I started with the instructions here: https://superset.incubator.apache.org/installation.html#start-with-docker
git clone https://github.com/apache/incubator-superset/
#
# Hidden steps here, to be revealed later in this post
#
cd incubator-superset/contrib/docker
docker-compose run --rm superset ./docker-init.sh
docker-compose up
This stood up the cluster for me. But, without the connectors I need, this is pretty much worthless.

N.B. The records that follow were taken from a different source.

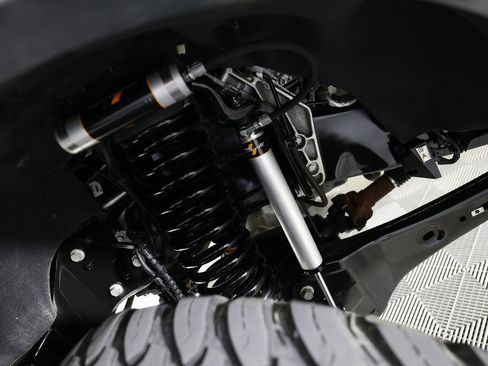 Used 2023 Ford F450 Limited w/ FX4 Off-Road Package image 49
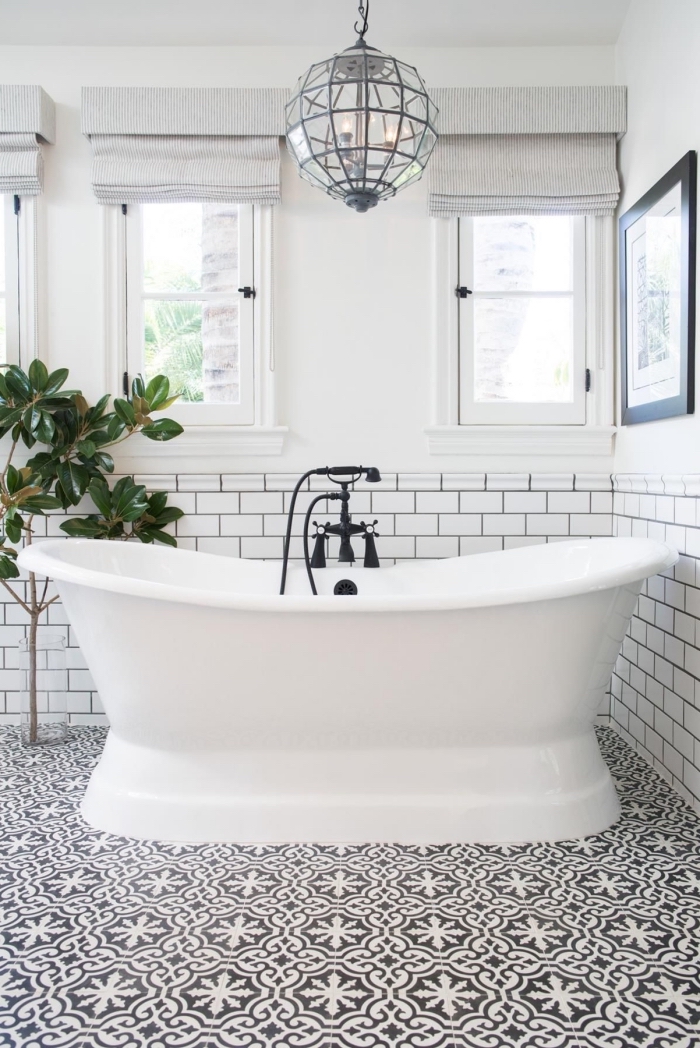 carreaux de ciment salle de bain à motifs floraux vintage en noir et blanc qui dynamise l'intérieur épuré à soubassement en carrelage métro blanc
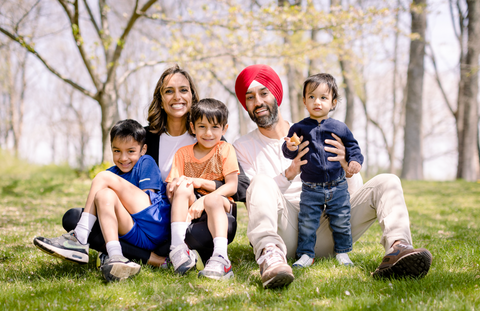 Deshi Singh Family Photo | Mini Bloom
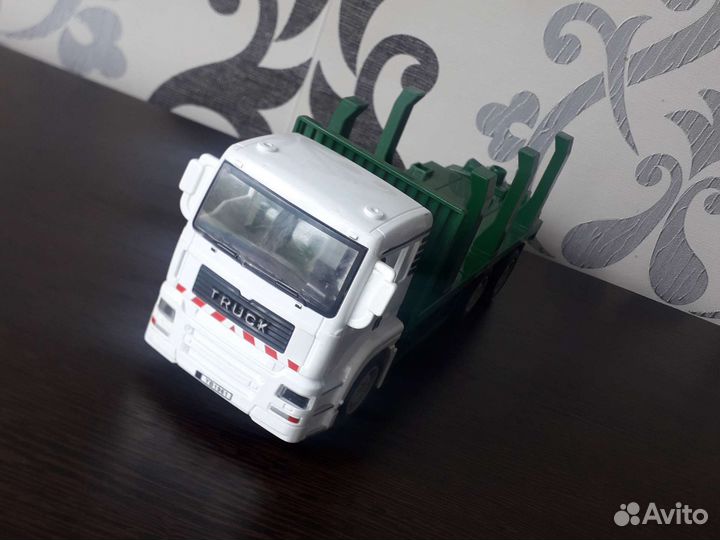 Игровой грузовичок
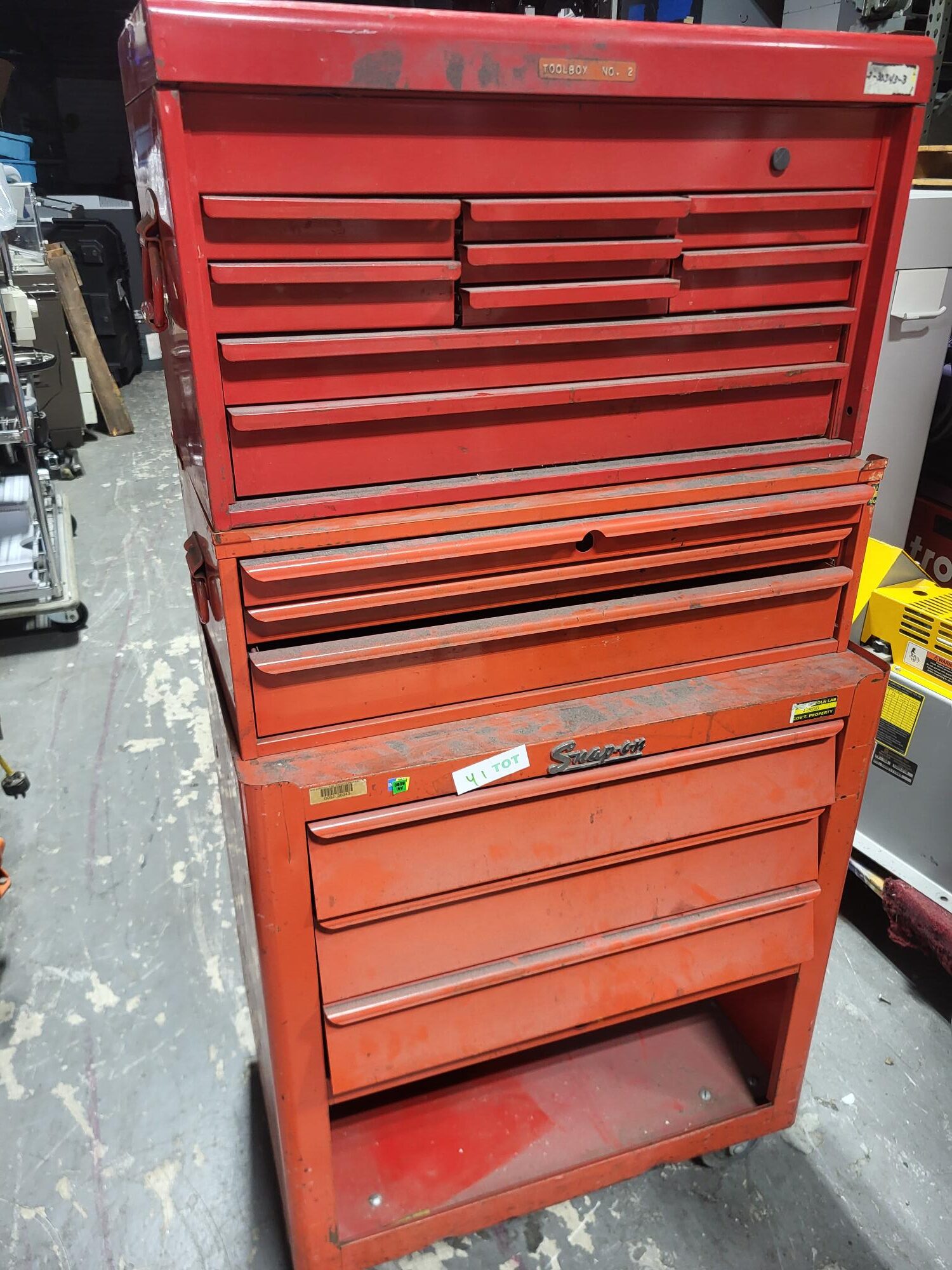 Snap On Tool Cabinet: Roller KRA360A - Industrial Process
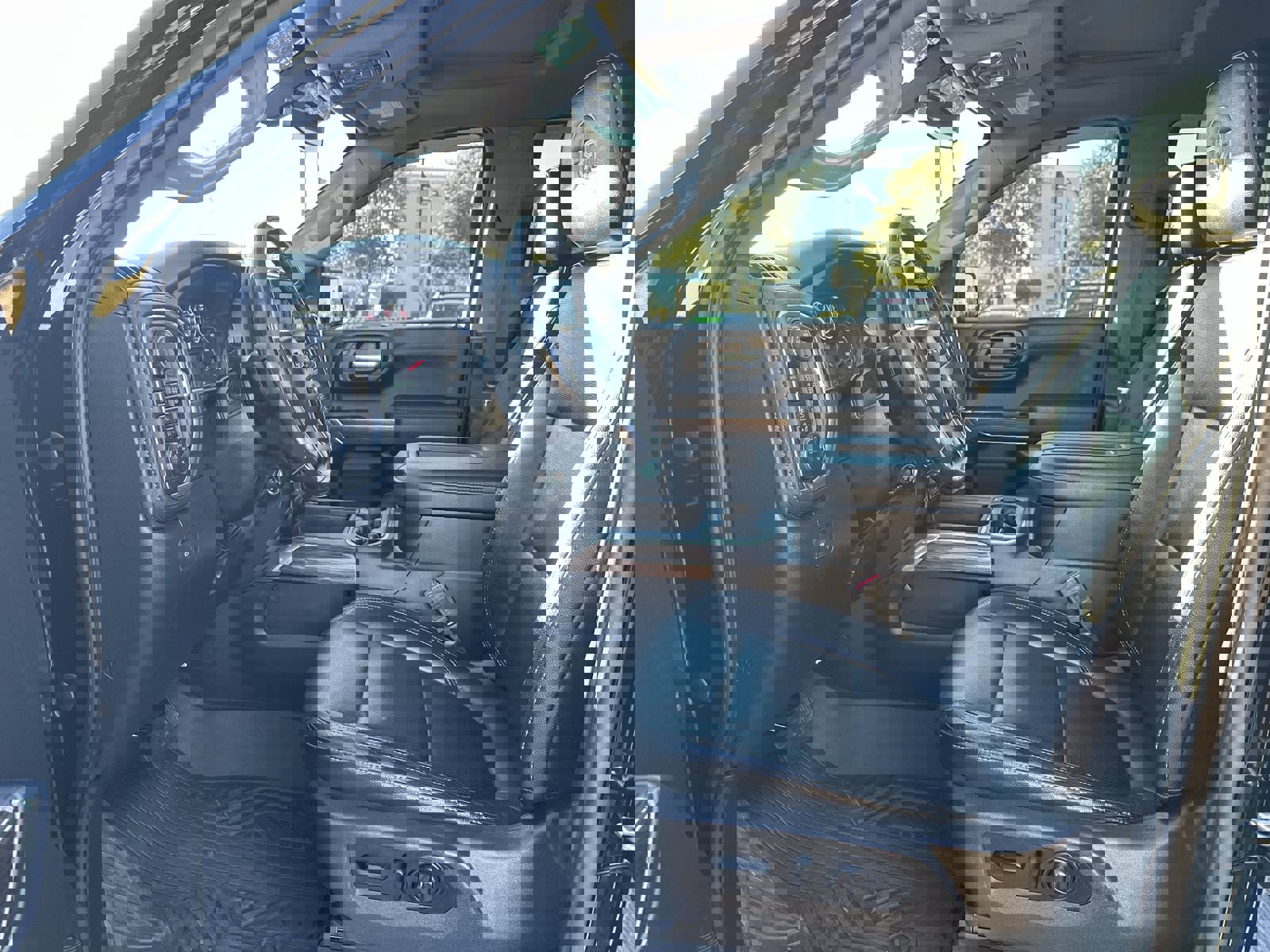 Used 2020 Chevrolet Silverado 1500 RST image 16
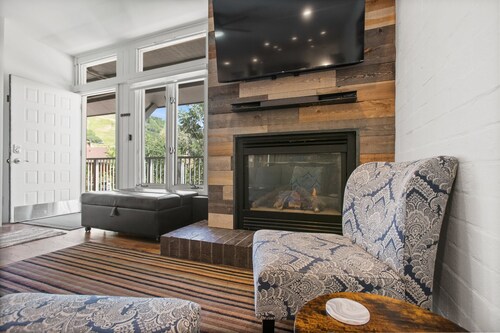 Great Views, Walk to Slopes, 2 Hot Tubs, Private W/D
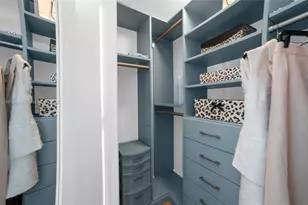 253 NE 2nd St, Miami, FL 33132 - Photo 27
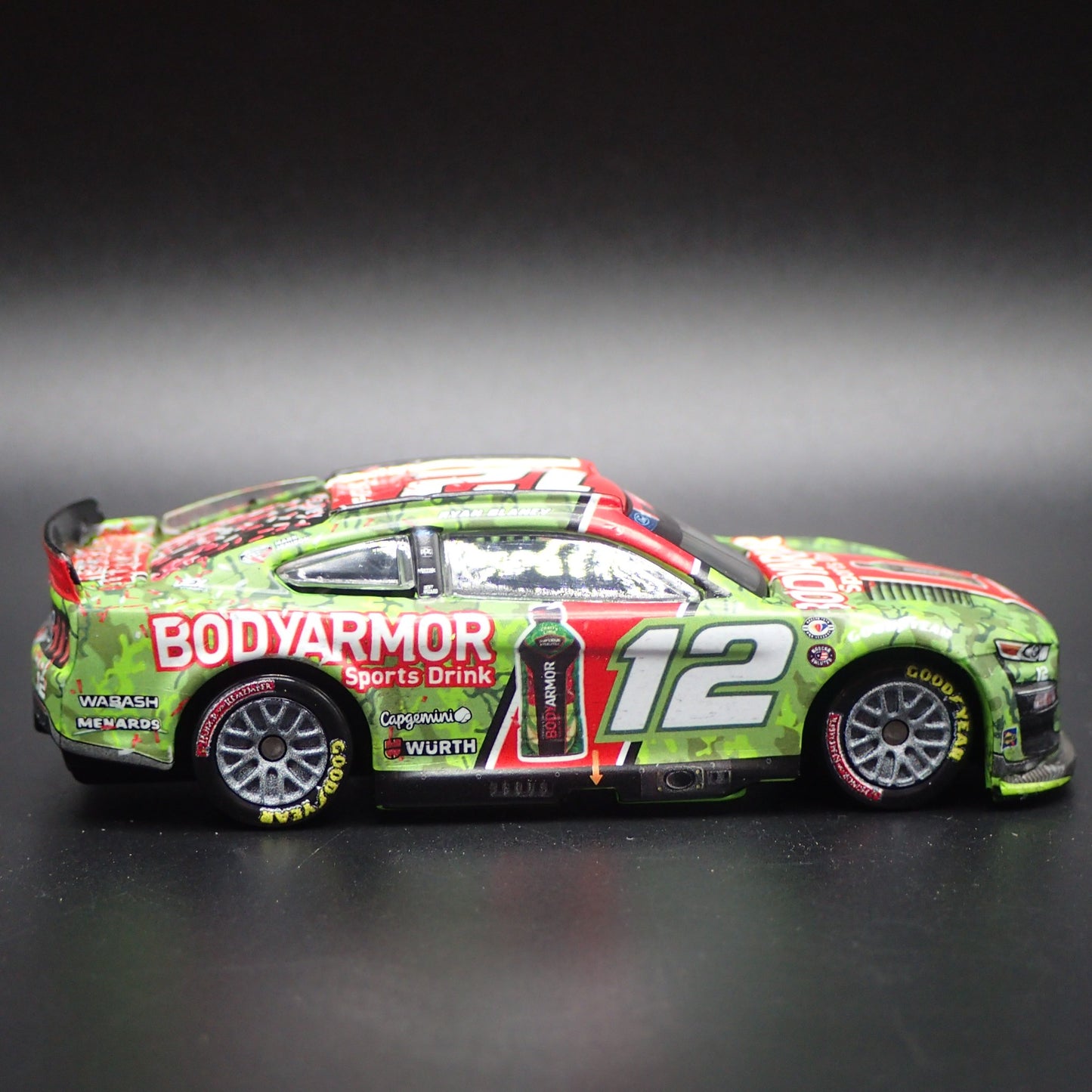 2023 23 FORD MUSTANG 12 RYAN BLANEY BODYARMOR CAMO NASCAR 1:64 SCALE DIECAST CAR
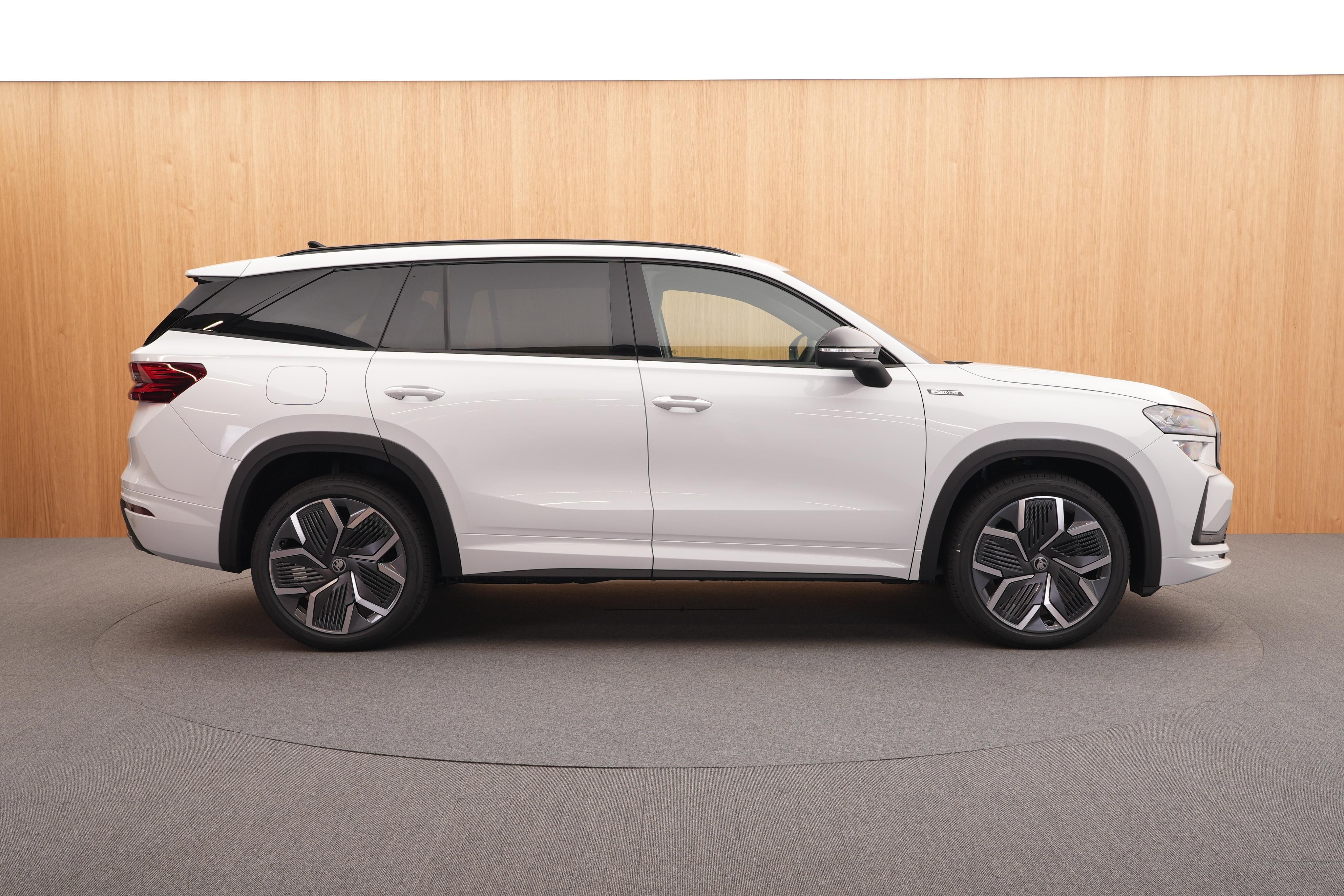 Škoda Kodiaq, Sportline 2.0 TSI 4x4 DSG - fotka 5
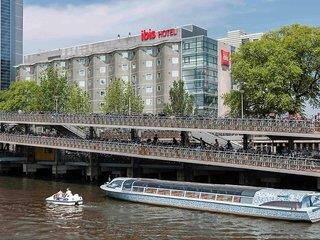 Ibis Amsterdam Centre 3*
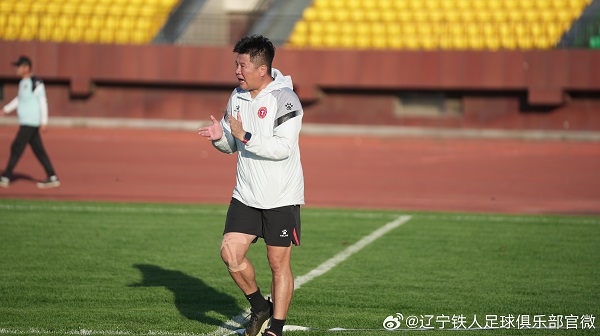 9：7 本土教练人数略占上风
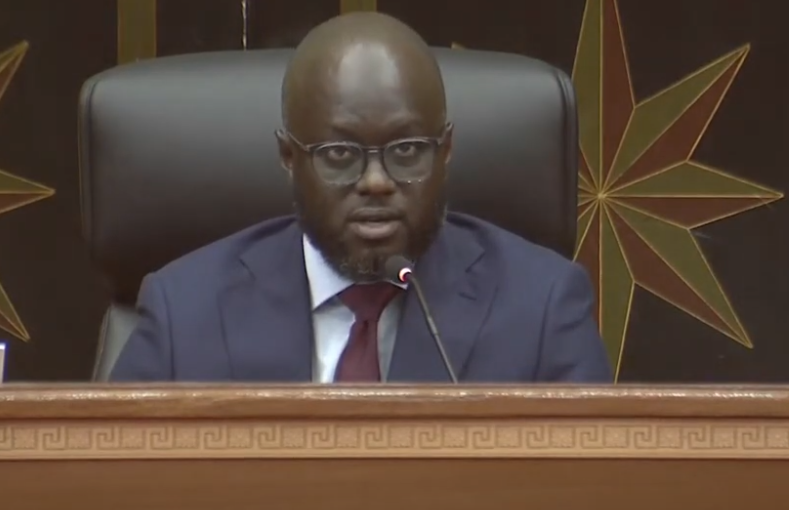 Assemblée, El Malick Ndiaye recadre Abdou Mbow : « Si vous insistez vous allez sortir… » (vidéo)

The trick is that you need to customize your docker image to suit your needs. So, after you git clone
you can edit your Dockerfile
to include:
apt install default-jre
pip install "PyAthenaJDBC>1.0.9"
Do these in the place in the Dockerfile
where you see similar looking commands.
e.g. my Dockerfile
has these sections in them
RUN apt-get install -y build-essential libssl-dev \
libffi-dev python3-dev libsasl2-dev libldap2-dev \
libxi-dev default-jre
and
RUN pip install --upgrade setuptools pip \
&& pip install -r requirements.txt -r requirements-dev.txt \
&& pip install "PyAthenaJDBC>1.0.9" \
&& rm -rf /root/.cache/pip
And, when you’re in the UI, this is the JDBC string you want:
awsathena+jdbc://<Your-AWS-key>:<Your-AWS-key-secret>@athena.<AWS-Region>.amazonaws.com/?s3_staging_dir=s3://aws-athena-query-results-XXXX-<AWS-Region>
Good luck, and happy Business Intelligencing!